- [Exercise description]: Below are lines of data; restate word for word those running from the line containing "LED šviesos grandinėlė su 10 kamuoliukų" to the line containing "Podaje se kuca Beograd-Zvezdara - 2", inclusive, and no others.

- [Dataset entries]:
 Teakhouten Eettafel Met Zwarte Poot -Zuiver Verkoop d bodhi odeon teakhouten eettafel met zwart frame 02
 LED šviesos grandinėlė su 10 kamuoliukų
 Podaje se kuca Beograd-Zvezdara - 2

==

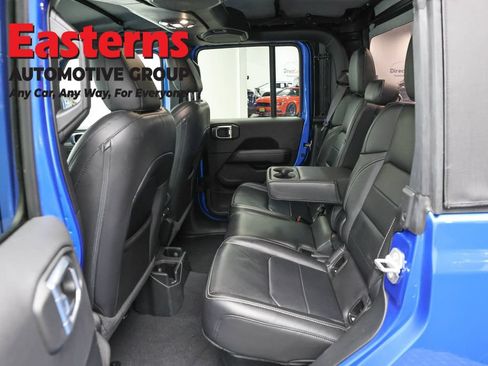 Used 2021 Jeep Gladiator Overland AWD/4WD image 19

- [Task result]:
 LED šviesos grandinėlė su 10 kamuoliukų
 Podaje se kuca Beograd-Zvezdara - 2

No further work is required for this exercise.